The seas were rough and frigid the afternoon of December 17. After checking the surface for nearby ships, the crew of the 800-ton submarine USS S-4 ended her run by bringing up her periscope directly in the path of an onrushing former U.S. naval destroyer. The destroyer’s Officer-of-the-Deck immediately ordered the engines reversed at full throttle and jammed the rudder over trying to avoid the still-submerged portion of the rising sub. A jarring collision ripped a gash four feet long and two feet wide in a central ballast tank of the USS S4. Nothing could stop the surge of icy water racing in to fill the ballast. The sub spun hard, dipped its nose, and headed toward the ocean depths. Inside, six bruised submariners scrambled for the torpedo room where they jammed the door closed to lock out the rising waters. The rest scrambled up the increasingly steep floor to the control room, shutting it behind the last submariner. It didn’t leak much as the sub settled onto the mud 102 feet down. They had, at most, 72 hours of oxygen, but each breath sucked the limited oxygen from the air.

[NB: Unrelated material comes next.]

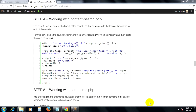In the last clip, we've created a search.php which controls the layout of the search results. On this lesson, we will add the loop of the search functionality to output the results by creating the content-search.php file.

No doubt you’ve never been trapped on the sea floor, but you’ve probably had rising hopes that suddenly were sent spinning out of control. Perhaps you’ve been trapped in a prison of dwindling hope with the heavy load of your sins, guilt and fear. Worse yet, is there a chance that you have “no hope” and are “without God in the world” (Ephesians 2:12)?
On the surface the destroyer waited, but only oil and bubbles, bubbles of precious oxygen, made their way to the surface. Three deep-sea divers and lots of rescue equipment rode the deck of the USS Bushnell as it raced for the crash site, but they wouldn’t arrive until the next morning. Upon arrival, they were met by gale-force winds, heaving seas and bitterly cold water. Down went the divers trying to attach oxygen lines to the sub. Heavy seas battered the divers, ripped the lines free and sent them back to the surface. More dives failed. The next morning two divers heard a message tapped out on the hull above the torpedo room: “Is there hope? Please hurry, please!” Time after time, the sea tore the oxygen lines free. One month later the bodies of the submariners were taken out to be buried with military honors.
The Rescue for you
The Lord Jesus Christ said, while suffering on a cross on Calvary’s hill outside Jerusalem, “All Thy waves and Thy billows are gone over Me” (Psalm 42:7). He died to pay the penalty for sin that you and I are trapped under in order to bring the breath of life to us. He brings with Him the “hope of salvation” (1 Thessalonians 5:8). Perhaps, as you read, you felt the tension of the trapped submariners’ desperate cry for help.